# Running Qwen1.5 on Google Colab

The Qwen1.5 models can be run on Google Colab with ease. Here, we provide a simple example of running Qwen1.5 on a free T4 GPU.
First, make sure that you have installed  ``transformers>=4.37.0 ``.


In [1]:
!pip install transformers>=4.37.0

Next, you can try to generate some texts with  ``transformers ``.
For free T4 instances, due to limited RAM and GPU memory capacity, we test a small version of the Qwen1.5 models. It is suggested to select advanced GPU instances to play with larger models.  

In [None]:
from transformers import AutoModelForCausalLM, AutoTokenizer

device = "cuda"
model_name = "Qwen/Qwen1.5-0.5B-Chat"

model = AutoModelForCausalLM.from_pretrained(model_name).to(device)
tokenizer = AutoTokenizer.from_pretrained(model_name)
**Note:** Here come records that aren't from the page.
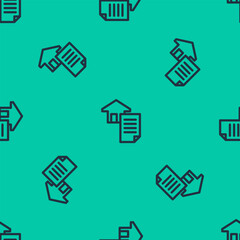 Blue line House contract icon isolated seamless pattern on green background. Contract creation service, document formation, application form composition. Vector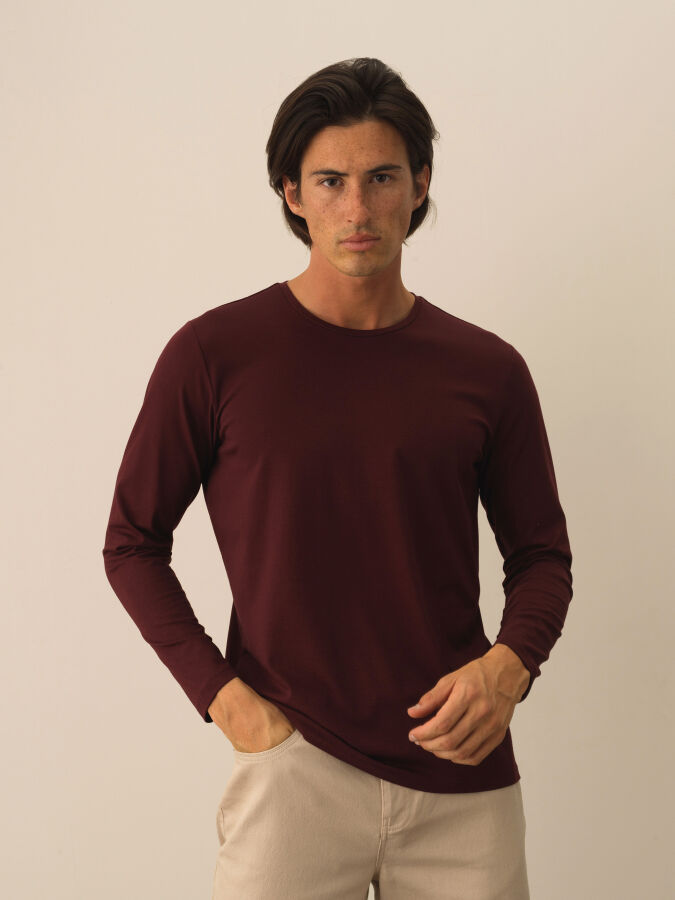 Bordo Modal Dokulu Slim Fit Uzun Kollu Tişört - Xint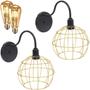 Imagem de 2 Luminárias Arandela Parede Aramada Globo Industrial Retro + Lâmpadas Led Preto/Dourado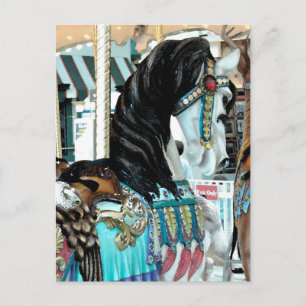 Cartes Pour Fêtes Annuelles Aquarelle Joyeux-Go-Round Cheval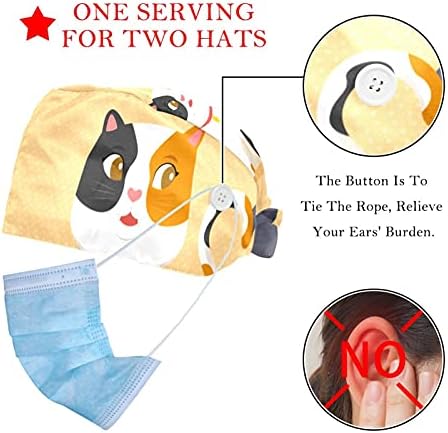 Deyya 2 pachete cireșe & amp; Red Ribborn capac de lucru reglabil cu buton Sweatband pentru asistente medicale femei coada de cal pălărie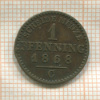 1 пфеннинг. Пруссия 1868г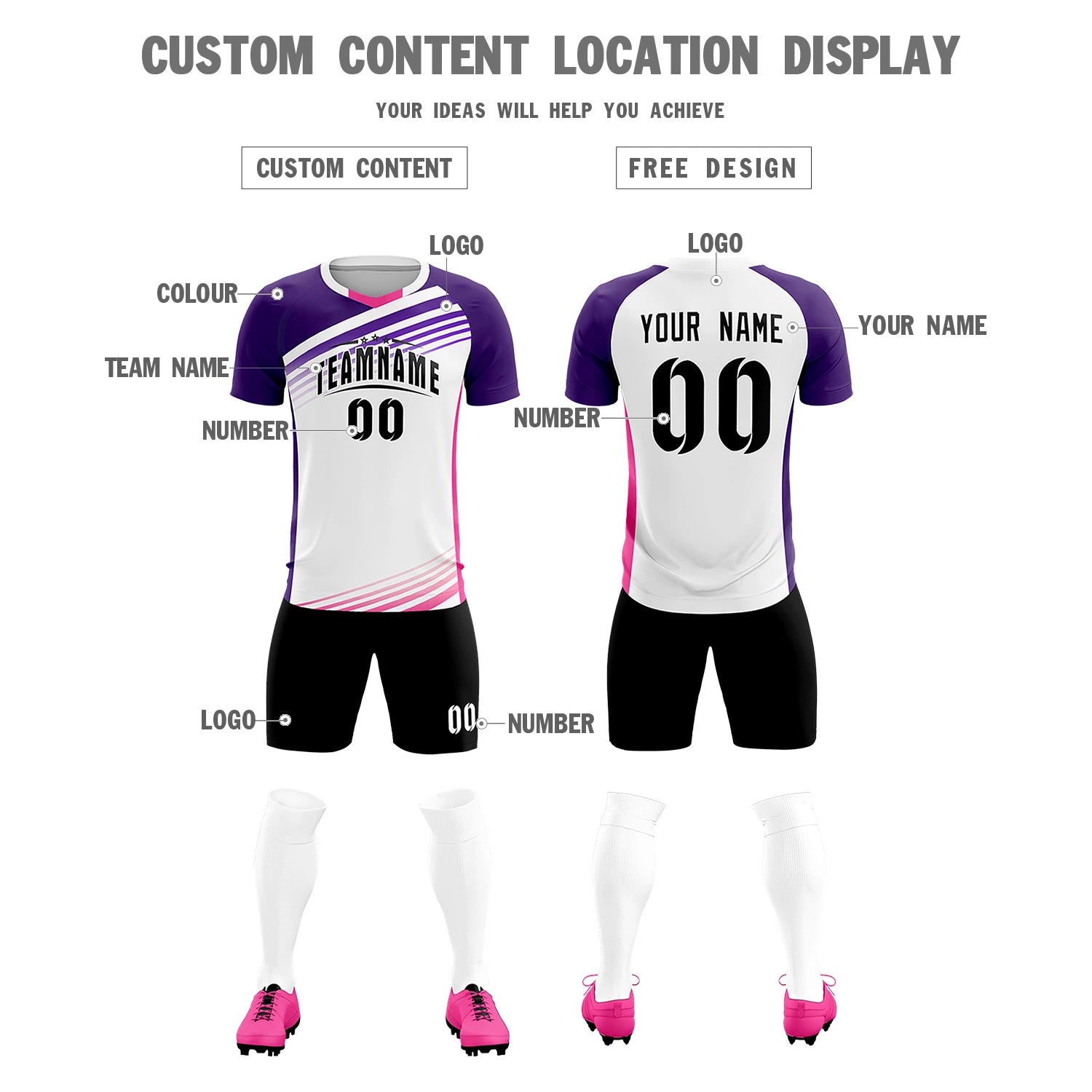 Custom White Purple-Black Gradient Sport Soccer Sets Jersey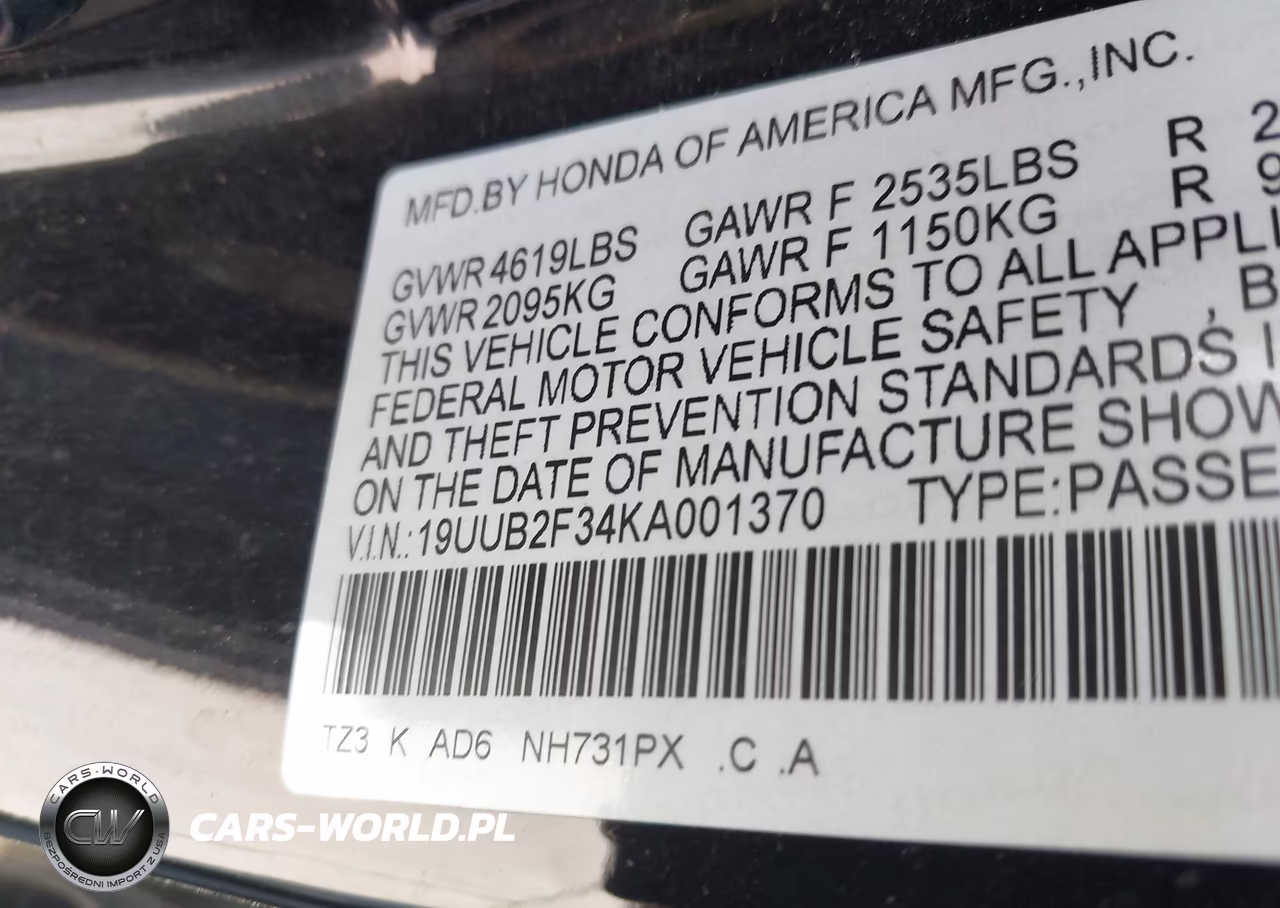 2019 Acura Tlx Standard VIN:19UUB2F34KA001370 - 9
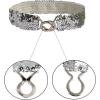 imageuxcell Lady Sequins Decor Metal Interlooking Buckles Elastic Waist BeltSilver  Gold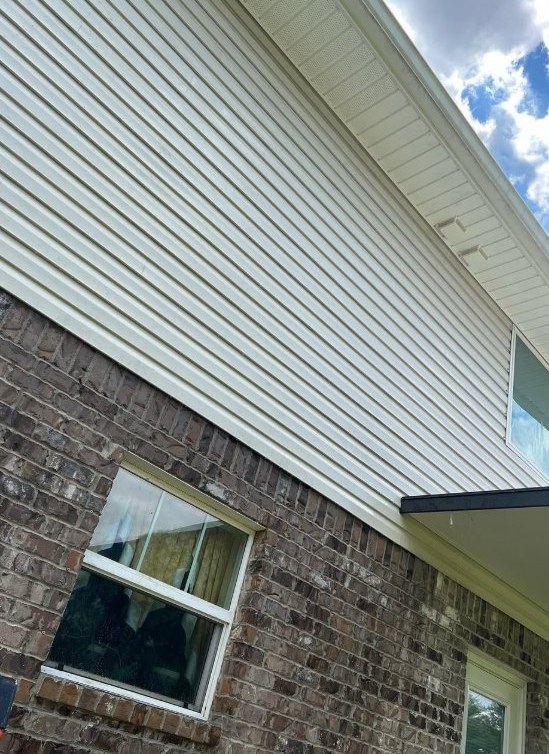 Close view of clean siding after soft wash
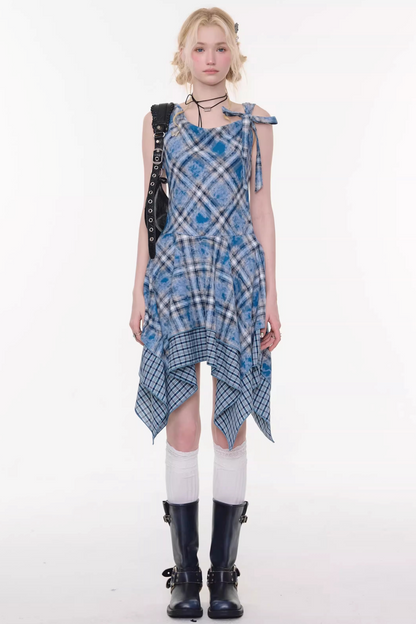 Sea Mist Plaid Strap Dress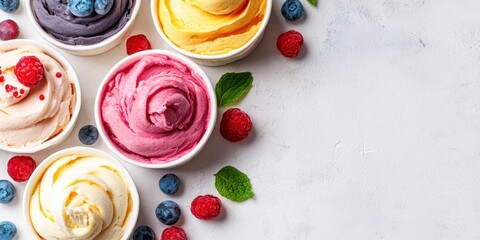 Colorful ice cream scoops in cups with fresh berries and mint, perfect for summer desserts or frozen treat promotions.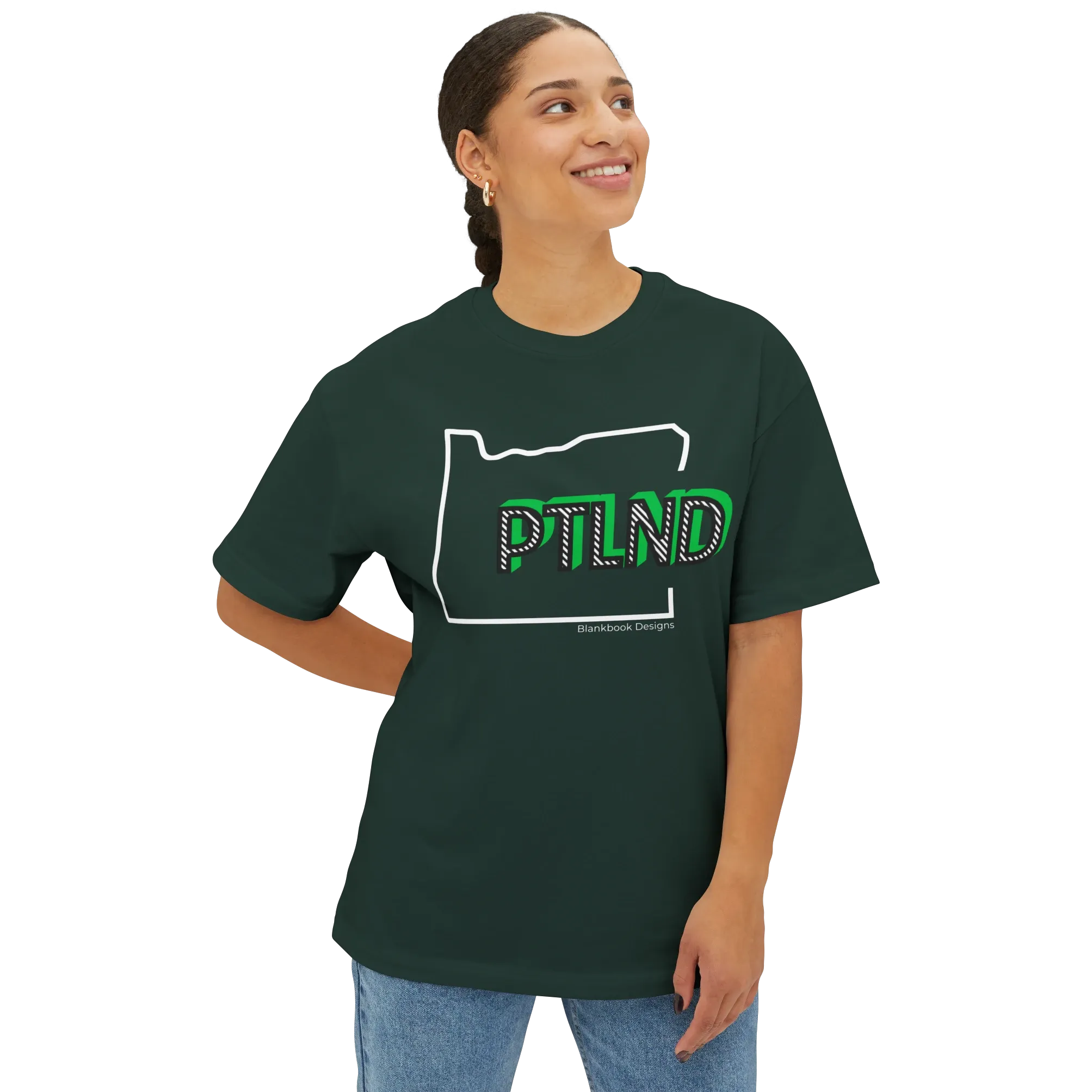 PTLND Tee, White and Green, Forest, image 2 of 7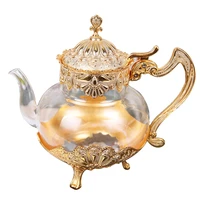 palace golden glass teapot kitchen metal cold kettle coffee pot european birthday wedding gifts style home decoration glassware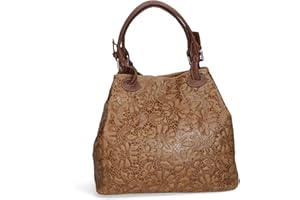 Chicca Borse Borsa a Mano Stampa Intrecciata da Donna con Tracolla in vera pelle made in Italy - 34x29x18 Cm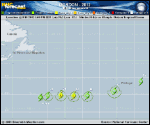 Tropical Storm GORDON forecast track map as of National Hurricane Center discussion number 5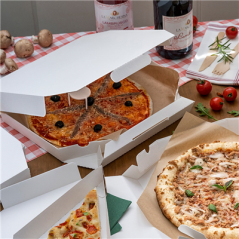 BOÎTES OCTOGONAL 'THEPACK' 330 G/M2 29x29x3,8 CM BLANC CARTON ONDULÉ MICROCANAL (100 UNITÉ)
prompt = "Give me a short introduction to the Qwen model."
messages = [
    {"role": "system", "content": "You are a helpful assistant."},
    {"role": "user", "content": prompt}
]
text = tokenizer.apply_chat_template(
    messages,
    tokenize=False,
    add_generation_prompt=True
)
model_inputs = tokenizer([text], return_tensors="pt").to(device)
generated_ids = model.generate(
    model_inputs.input_ids,
    max_new_tokens=512
)
generated_ids = [
    output_ids[len(input_ids):] for input_ids, output_ids in zip(model_inputs.input_ids, generated_ids)
]

response = tokenizer.batch_decode(generated_ids, skip_special_tokens=True)[0]
print(response)

The response should be something like ``Qwen is a large language model developed by Alibaba Cloud. It was designed to be powerful, efficient, and user-friendly, allowing users to interact with it using natural language processing techniques. Qwen uses advanced machine learning algorithms and a combination of deep neural networks to generate text that is both human-like and grammatically correct. With its ability to understand multiple languages, it can be used in various fields such as customer service, education, and entertainment.``.